Second is the miserablis­t idea that, because my generation may be worse off than our parents’, capitalism is broken. Yes, extreme housing costs are a massive problem, while incomes have not been rising fast enough.

But this is also a golden age for consumers. I’m told Chicken Kiev was once the best you could get in British restaurant­s; today there is infinite variety at lower cost. Travel is cheaper, amazing innovation­s (like apps) are free, technology is advancing, choice has expanded in virtually all areas. It’s baffling anyone would want to destroy the system that’s created all this. One of the reasons the housing market is so frustratin­g is that, unlike nearly every other part of the economy, you get what you’re given, not what you want.

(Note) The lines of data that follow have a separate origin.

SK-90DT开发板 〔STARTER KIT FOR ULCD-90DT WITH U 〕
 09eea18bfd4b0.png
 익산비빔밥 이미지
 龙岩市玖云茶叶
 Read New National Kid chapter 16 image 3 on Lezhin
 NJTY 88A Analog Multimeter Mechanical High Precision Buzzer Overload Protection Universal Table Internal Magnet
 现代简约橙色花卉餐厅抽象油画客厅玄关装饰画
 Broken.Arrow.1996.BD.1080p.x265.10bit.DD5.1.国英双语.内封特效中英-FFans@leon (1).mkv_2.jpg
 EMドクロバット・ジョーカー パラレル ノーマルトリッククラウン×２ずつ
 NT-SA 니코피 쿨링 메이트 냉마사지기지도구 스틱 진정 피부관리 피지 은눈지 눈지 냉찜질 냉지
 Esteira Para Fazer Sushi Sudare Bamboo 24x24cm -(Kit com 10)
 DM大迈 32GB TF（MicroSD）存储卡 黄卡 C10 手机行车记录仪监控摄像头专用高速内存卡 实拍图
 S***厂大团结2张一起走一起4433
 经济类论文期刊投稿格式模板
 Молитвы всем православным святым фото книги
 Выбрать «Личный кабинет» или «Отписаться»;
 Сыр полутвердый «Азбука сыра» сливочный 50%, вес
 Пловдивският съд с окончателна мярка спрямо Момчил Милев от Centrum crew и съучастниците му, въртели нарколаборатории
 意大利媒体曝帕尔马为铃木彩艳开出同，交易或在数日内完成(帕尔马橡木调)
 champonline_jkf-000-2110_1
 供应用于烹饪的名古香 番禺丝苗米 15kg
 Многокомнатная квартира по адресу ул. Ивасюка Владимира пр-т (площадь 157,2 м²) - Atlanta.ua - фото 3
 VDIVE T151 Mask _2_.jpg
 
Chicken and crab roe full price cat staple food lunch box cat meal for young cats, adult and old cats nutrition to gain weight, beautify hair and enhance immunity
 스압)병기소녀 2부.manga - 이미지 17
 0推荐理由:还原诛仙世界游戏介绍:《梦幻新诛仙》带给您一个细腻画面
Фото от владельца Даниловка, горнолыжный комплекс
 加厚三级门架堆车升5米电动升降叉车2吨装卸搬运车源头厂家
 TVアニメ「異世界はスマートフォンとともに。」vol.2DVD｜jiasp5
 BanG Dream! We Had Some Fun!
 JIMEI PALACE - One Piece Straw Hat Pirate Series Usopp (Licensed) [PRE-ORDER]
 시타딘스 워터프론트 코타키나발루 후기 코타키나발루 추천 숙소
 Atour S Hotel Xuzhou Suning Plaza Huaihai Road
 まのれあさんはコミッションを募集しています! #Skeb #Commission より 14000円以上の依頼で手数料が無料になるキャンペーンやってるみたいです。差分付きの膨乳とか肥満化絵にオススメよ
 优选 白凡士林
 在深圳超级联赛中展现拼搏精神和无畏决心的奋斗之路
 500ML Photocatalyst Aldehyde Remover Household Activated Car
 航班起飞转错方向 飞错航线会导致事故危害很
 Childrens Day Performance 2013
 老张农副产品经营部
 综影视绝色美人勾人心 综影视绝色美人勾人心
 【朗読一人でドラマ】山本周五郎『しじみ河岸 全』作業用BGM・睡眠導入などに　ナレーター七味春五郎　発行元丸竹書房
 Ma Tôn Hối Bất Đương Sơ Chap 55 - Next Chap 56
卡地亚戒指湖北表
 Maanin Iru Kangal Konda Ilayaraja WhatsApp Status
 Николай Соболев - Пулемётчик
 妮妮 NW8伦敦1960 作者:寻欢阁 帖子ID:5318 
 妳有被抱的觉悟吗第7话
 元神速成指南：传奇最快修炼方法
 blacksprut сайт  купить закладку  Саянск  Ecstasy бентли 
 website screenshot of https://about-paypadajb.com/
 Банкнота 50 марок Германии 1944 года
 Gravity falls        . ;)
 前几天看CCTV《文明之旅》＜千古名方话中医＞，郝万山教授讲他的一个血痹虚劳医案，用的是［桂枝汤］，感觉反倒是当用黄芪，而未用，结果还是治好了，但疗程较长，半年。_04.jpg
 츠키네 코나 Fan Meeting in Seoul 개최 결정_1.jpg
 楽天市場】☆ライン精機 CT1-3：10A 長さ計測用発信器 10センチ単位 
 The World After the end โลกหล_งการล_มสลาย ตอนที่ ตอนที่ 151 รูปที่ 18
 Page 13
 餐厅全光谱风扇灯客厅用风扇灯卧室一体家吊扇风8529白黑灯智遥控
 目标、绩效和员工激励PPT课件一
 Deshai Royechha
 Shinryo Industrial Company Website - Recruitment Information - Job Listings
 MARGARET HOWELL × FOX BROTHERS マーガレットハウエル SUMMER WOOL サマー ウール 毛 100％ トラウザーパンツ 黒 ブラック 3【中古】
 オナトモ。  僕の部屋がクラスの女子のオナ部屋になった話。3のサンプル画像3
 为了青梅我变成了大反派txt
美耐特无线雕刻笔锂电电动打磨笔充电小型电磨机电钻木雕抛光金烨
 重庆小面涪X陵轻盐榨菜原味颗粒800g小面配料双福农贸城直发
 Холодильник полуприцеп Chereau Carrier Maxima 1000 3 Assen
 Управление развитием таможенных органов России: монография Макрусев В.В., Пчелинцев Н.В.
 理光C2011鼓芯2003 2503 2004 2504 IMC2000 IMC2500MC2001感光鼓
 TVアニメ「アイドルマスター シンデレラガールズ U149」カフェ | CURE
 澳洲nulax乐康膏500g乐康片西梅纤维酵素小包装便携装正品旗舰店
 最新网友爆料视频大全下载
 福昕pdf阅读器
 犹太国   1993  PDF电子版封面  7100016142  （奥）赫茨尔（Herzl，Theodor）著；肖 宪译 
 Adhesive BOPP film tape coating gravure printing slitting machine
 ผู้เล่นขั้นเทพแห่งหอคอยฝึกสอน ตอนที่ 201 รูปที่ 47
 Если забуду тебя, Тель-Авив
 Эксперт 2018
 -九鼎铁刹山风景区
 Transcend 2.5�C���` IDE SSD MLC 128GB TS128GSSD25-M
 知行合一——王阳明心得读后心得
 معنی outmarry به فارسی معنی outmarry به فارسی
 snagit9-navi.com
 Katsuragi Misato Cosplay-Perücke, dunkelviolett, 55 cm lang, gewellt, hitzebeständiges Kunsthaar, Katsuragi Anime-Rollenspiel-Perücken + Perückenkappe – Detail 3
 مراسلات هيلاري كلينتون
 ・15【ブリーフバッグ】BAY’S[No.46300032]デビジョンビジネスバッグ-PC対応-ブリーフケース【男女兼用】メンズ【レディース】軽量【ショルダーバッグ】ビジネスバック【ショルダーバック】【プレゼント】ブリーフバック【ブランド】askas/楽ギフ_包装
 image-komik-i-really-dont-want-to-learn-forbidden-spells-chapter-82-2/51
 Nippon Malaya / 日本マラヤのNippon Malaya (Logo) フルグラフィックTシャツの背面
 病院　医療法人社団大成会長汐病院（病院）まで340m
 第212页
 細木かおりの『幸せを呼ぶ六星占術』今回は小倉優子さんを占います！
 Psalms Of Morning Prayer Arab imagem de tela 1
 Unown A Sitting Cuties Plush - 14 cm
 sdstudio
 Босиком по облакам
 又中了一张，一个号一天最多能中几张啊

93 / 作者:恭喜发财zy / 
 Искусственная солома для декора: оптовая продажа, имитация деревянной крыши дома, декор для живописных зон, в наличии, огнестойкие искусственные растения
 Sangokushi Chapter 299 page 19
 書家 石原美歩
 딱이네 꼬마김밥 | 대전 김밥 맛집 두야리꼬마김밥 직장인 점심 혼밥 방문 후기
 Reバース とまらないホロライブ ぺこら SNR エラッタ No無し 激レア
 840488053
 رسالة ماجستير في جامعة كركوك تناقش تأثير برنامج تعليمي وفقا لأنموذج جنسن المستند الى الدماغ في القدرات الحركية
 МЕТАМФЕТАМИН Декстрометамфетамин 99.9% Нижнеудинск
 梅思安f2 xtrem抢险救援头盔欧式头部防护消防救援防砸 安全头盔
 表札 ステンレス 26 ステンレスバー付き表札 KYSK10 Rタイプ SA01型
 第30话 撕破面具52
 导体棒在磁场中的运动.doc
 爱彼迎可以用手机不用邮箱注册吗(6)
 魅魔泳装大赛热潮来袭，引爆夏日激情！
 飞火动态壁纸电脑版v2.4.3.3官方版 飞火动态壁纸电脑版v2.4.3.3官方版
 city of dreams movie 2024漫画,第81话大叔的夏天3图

The final delusion has its roots in a mad theory that has contaminat­ed so much of modern life: that injustice is “structural”. This is the belief that, if you don’t achieve what you feel you ought to, it’s not your fault but the system’s. The gender pay gap is down to systemic discrimina­tion, not that women tend to make different choices. “Safe spaces” are necessary to protect against “micro-aggression”. The old have stolen the future from the young.

We can laugh, and obviously have no truck with prejudice, but vast numbers are growing up thinking that individual agency is irrelevant, that all that matters is what community you are born into. Blame is shifted, effort downgraded, and progress redefined as raging against the system.

All this should terrify Tories. Rational appeals to self-interest may not be enough to win over the young.